======== Given records

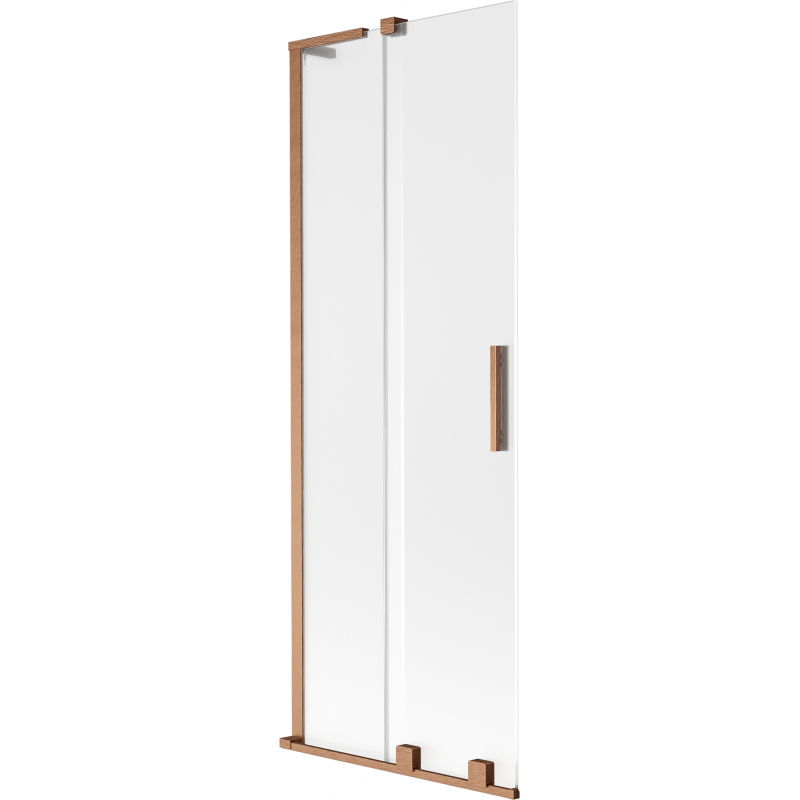 Mexen Velar L vonios kambario ekranas 2-dalių stumdomas 70 x 150 cm, matinė, šepečiu valyta varis - 896-070-003-31-65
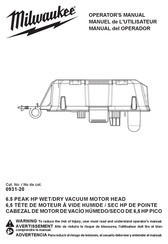 Milwaukee 0931-20 Manual Del Operador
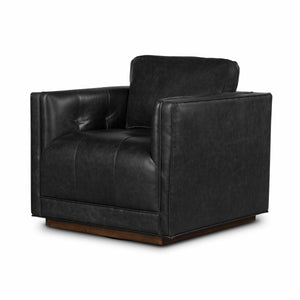 Kiera Swivel Chair In Sonoma Black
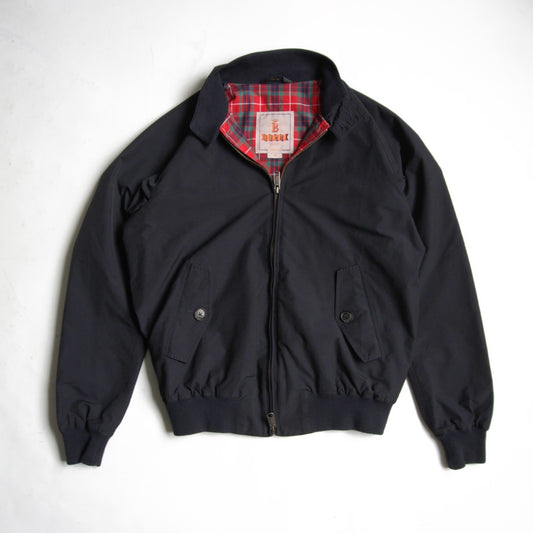 BARACUTA G9 Dark Navy England-Made Harrington Jacket Size 38
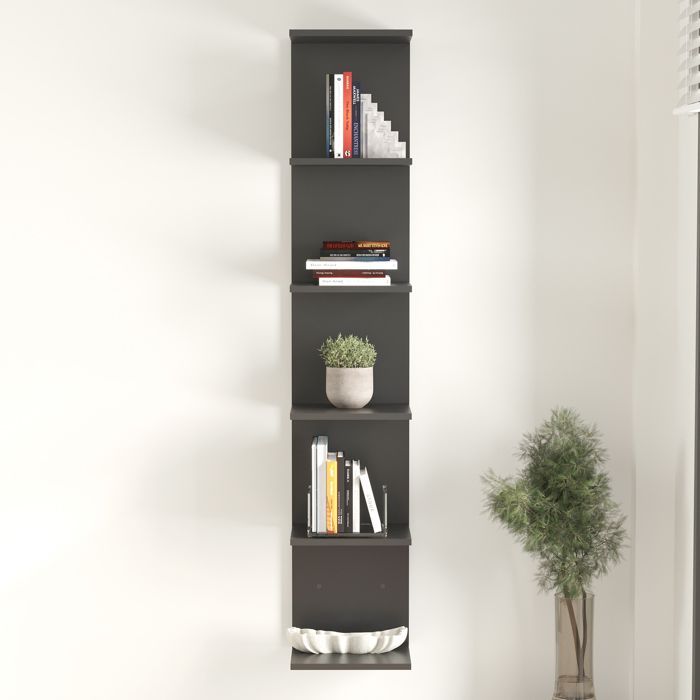 Étagère murale Surahammar 180 x 35 x 32 cm noir
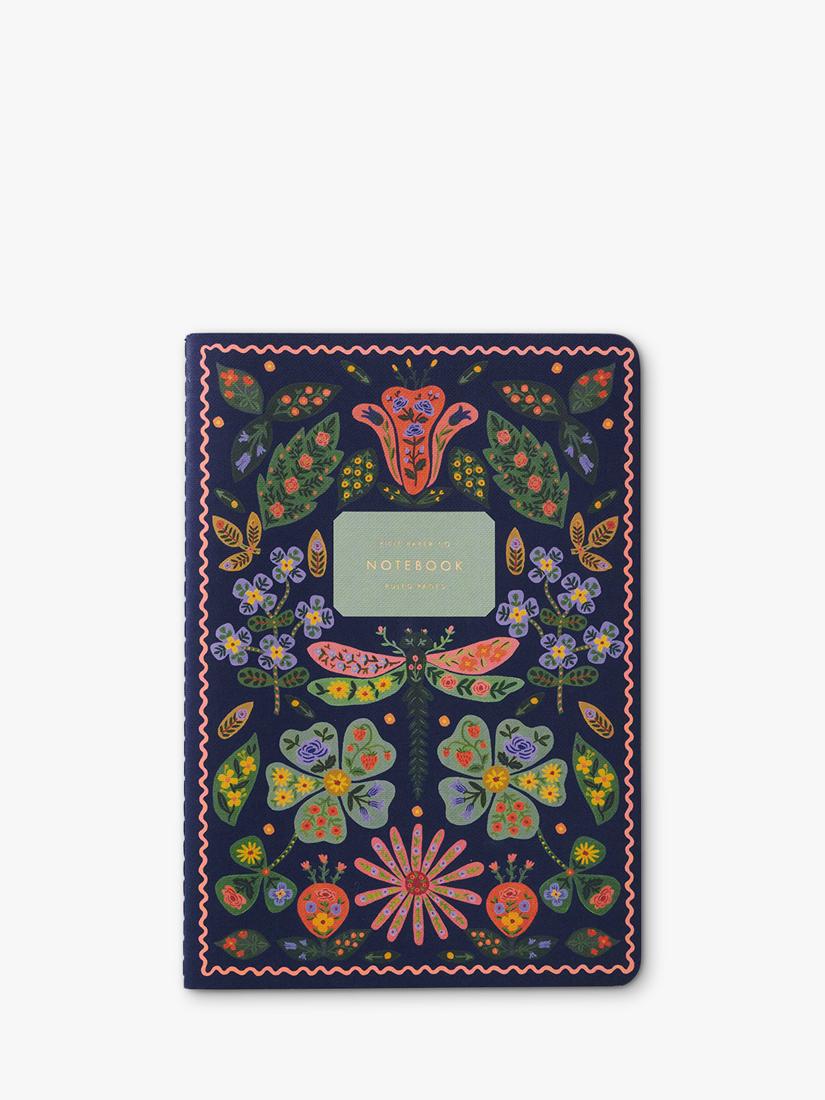 Rifle Paper Co. Posy floral notebooks set of 3, imported from the UK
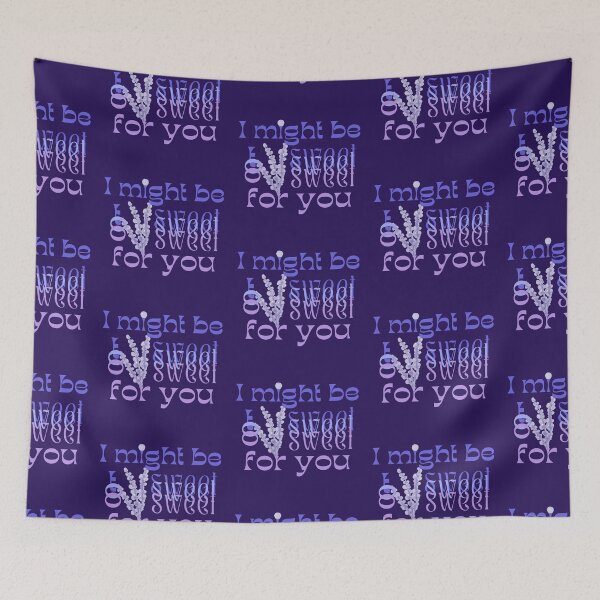 Item preview, I might be too sweet for you - Diabetes awareness purple designed and sold by SalxSal.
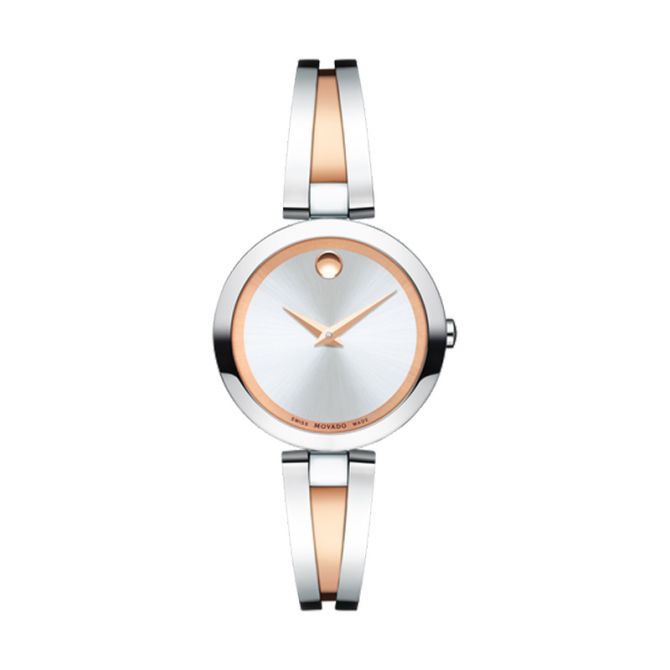 Movado Aleena 27mm Women's Watch, Rose Gold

================

Problem to work on - When the line containing "Item preview, I" is reached, write out that line and each one after it exactly, ending with the last line of the records; pictures are not copied.

Result below -
 Item preview, I might be too sweet for you - Diabetes awareness purple designed and sold by SalxSal.
 Movado Aleena 27mm Women's Watch, Rose Gold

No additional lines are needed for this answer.